◆ **Records for the task**:

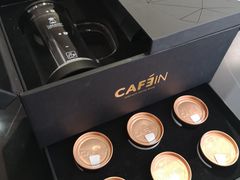 -CAFE'IN精品咖啡体验空间(小寨店)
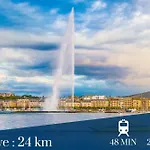 Homey Friendly - Proche Gare - Terrasse Privee - Wifi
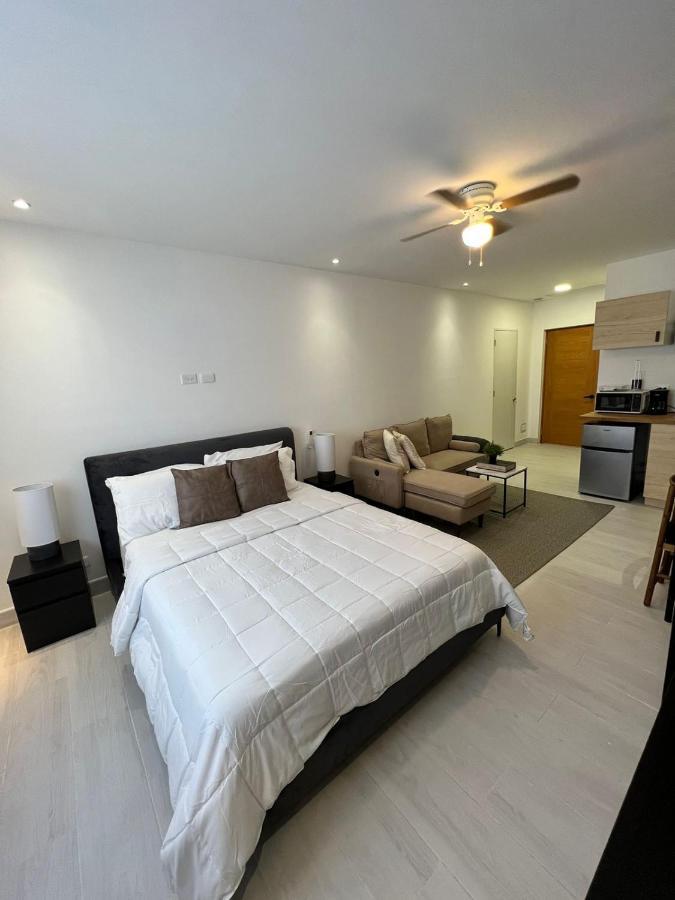 סנטו דומינגו Suites By Salcedo מראה חיצוני תמונה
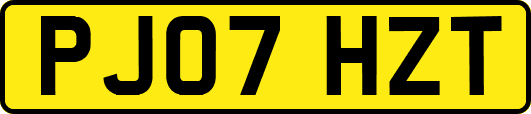 PJ07HZT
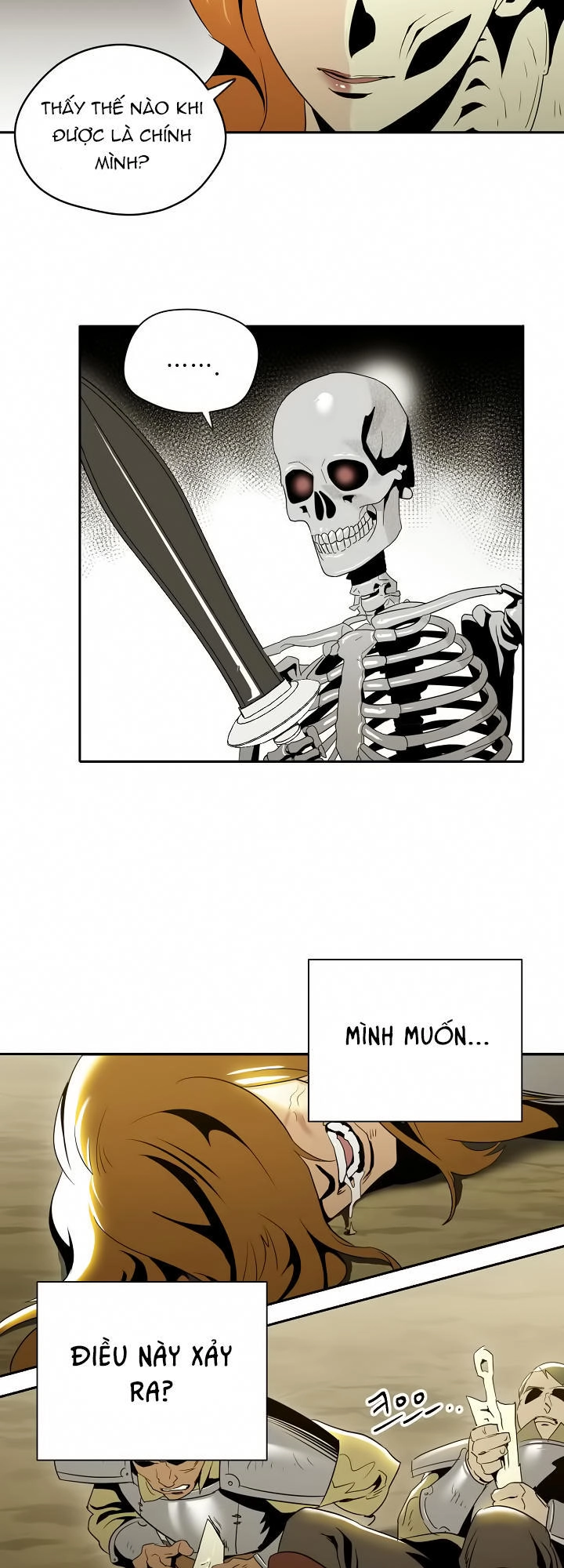 Cốt Binh Trở Lại Chapter 51 - 26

◆ **Work request**: Pictures aside, retype the entries above exactly as they are.

◆ **Result of the task**:
 -CAFE'IN精品咖啡体验空间(小寨店)
 Homey Friendly - Proche Gare - Terrasse Privee - Wifi
 סנטו דומינגו Suites By Salcedo מראה חיצוני תמונה
 PJ07HZT
 Cốt Binh Trở Lại Chapter 51 - 26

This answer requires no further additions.